» **ABOUT THIS EXERCISE**: Below are some entries. Repeat exactly the lines from the one with "In the next video" through the one with "This is the counterpart", and only those.

» **DATA SHOWN**:
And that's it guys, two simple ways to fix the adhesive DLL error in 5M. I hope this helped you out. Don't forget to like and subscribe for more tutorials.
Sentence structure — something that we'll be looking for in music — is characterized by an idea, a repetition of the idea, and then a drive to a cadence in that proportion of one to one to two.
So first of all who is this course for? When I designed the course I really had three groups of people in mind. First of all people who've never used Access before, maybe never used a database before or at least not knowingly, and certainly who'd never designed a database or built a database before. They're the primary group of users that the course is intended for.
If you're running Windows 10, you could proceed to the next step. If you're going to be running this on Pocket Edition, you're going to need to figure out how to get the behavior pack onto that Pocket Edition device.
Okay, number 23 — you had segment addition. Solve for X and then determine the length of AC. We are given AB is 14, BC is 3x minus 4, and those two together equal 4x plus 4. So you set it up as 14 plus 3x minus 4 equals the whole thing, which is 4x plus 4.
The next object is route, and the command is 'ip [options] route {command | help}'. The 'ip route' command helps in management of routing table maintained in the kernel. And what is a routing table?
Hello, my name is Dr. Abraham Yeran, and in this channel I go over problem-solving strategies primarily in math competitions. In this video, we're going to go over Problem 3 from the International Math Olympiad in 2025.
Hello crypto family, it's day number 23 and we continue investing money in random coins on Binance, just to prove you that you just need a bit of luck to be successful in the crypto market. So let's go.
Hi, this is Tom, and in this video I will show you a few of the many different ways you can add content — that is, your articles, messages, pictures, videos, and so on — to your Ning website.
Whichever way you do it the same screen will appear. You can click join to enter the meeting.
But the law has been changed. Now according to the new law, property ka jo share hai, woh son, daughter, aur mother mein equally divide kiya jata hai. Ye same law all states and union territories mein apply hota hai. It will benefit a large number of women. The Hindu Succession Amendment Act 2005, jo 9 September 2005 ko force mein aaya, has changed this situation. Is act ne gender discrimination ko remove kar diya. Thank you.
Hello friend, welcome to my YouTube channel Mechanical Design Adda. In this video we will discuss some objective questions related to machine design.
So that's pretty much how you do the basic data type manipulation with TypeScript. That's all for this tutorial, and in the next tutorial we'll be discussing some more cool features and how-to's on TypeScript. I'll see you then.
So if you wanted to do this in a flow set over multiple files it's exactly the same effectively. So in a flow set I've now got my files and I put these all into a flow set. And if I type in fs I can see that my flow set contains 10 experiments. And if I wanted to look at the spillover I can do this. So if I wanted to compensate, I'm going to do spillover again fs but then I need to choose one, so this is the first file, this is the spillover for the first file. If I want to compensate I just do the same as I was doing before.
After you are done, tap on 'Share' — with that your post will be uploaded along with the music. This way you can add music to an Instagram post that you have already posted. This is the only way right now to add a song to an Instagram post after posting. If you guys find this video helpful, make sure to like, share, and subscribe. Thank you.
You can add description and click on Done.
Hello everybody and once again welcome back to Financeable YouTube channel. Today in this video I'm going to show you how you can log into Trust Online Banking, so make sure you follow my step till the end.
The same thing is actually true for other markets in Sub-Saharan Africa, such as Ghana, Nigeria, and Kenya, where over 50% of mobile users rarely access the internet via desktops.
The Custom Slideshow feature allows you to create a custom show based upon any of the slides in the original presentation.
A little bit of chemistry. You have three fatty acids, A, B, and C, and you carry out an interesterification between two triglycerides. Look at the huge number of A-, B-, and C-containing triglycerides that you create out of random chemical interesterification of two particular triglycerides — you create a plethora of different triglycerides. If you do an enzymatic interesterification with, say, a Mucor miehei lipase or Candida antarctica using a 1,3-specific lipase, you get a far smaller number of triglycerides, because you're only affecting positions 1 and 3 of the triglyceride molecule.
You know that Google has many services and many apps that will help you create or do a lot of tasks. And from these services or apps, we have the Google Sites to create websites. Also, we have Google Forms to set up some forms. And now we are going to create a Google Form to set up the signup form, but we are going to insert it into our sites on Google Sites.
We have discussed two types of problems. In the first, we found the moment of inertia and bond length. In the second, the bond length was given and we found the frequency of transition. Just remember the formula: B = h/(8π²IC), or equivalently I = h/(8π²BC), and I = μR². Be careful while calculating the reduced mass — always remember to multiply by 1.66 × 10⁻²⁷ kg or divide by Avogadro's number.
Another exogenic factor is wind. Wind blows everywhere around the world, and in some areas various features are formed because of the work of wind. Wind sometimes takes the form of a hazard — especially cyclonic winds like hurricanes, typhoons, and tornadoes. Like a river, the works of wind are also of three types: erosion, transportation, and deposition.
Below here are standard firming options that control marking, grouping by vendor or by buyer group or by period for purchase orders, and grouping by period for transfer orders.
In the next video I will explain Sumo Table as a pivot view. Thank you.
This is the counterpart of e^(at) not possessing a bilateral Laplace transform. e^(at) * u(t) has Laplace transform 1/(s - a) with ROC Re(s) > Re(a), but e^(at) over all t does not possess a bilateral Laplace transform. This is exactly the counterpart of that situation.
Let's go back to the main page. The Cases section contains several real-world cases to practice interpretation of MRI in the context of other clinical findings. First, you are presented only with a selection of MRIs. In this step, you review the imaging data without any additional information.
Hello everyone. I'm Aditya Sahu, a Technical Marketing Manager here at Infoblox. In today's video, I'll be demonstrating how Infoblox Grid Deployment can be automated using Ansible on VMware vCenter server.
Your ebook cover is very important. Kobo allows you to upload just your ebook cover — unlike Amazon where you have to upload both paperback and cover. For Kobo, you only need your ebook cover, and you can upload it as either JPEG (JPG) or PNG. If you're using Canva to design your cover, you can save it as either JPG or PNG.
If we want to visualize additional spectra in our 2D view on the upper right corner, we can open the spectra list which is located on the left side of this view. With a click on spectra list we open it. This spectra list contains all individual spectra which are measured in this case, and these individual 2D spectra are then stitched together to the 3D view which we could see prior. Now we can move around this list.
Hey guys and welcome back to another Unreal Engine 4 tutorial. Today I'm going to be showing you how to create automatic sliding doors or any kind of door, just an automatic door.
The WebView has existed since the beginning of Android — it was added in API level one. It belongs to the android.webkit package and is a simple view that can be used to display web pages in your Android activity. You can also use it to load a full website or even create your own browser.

» **RESULT**:
In the next video I will explain Sumo Table as a pivot view. Thank you.
This is the counterpart of e^(at) not possessing a bilateral Laplace transform. e^(at) * u(t) has Laplace transform 1/(s - a) with ROC Re(s) > Re(a), but e^(at) over all t does not possess a bilateral Laplace transform. This is exactly the counterpart of that situation.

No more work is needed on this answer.